Calvino ambientalista non è una sorpresa. Lo scrittore che si schiera dalla parte del mondo animale è un tratto presente nella sua opera fin dall'inizio. Il pezzo che segue stava dentro la rubrica "Gente nel tempo" da lui curata. Vi si parla di una logica animale "che pure esiste", una logica che, per un rovesciamento di prospettiva, viene elevata al rango di "umana" nel senso più nobile della parola.

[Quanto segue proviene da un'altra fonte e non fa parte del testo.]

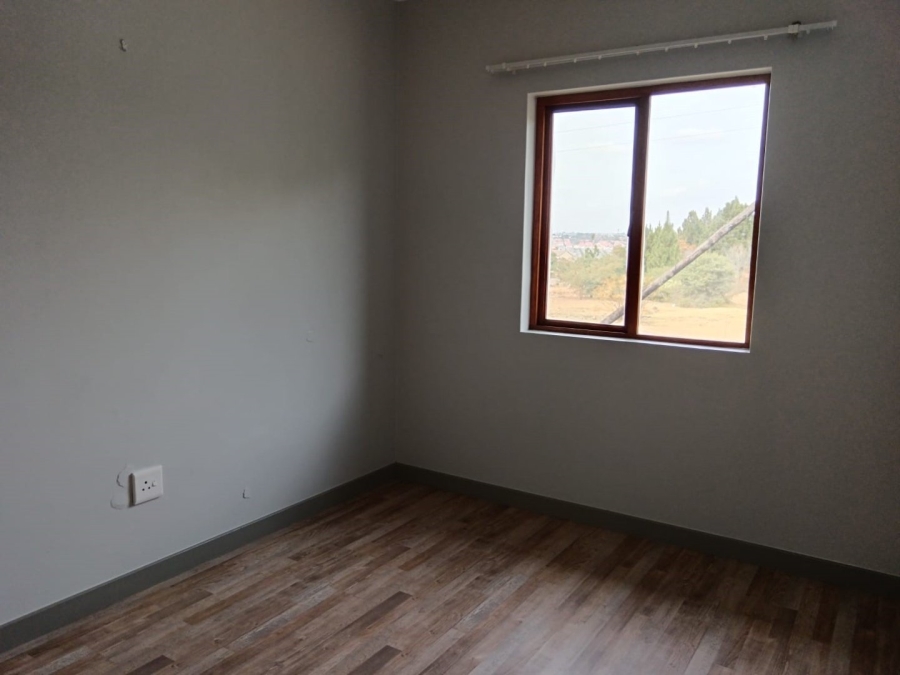 To Let 2 Bedroom Property for Rent in Blue Hills Gauteng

Italo Calvino, Le capre ci guardano, l'Unità edizione piemontese, 17 novembre 1946
In California l'associazione degli allevatori di bestiame caprino della vallata di San Fernando ha celebrato una commemorazione delle capre di Bikini, sacrificate "per il bene dell'umanità". E' stata ammainata una bandiera a mezz'asta con rulli di tamburi, sono stati intessuti elogi funebri delle bestie defunte.
Qualcuno osserverà che non si son mai fatte commemorazioni dei bambini, delle donne, dei vecchi morti a Yroshima, a Torino, a Milano, che ne sapevano quanto le capre di Bikini del perché morivano, e che pure sono stati sacrificati sull'altare della necessità di guerra.
Ma il senso di questa commemorazione caprina è da ricercarsi, io credo, in un segreto rimorso del genere umano verso gli animali unito a un'ipocrisia caratteristica del genere umano. Vi siete mai chiesto che cos'avranno pensato le capre a Bikini? e i gatti nelle case bombardate? e i cani in zona di guerra? e i pesci allo scoppio dei siluri? Come avranno giudicato noi uomini in quei momenti, nella loro logica che pure esiste, tanto più elementare, tanto più - stavo per dire - umana?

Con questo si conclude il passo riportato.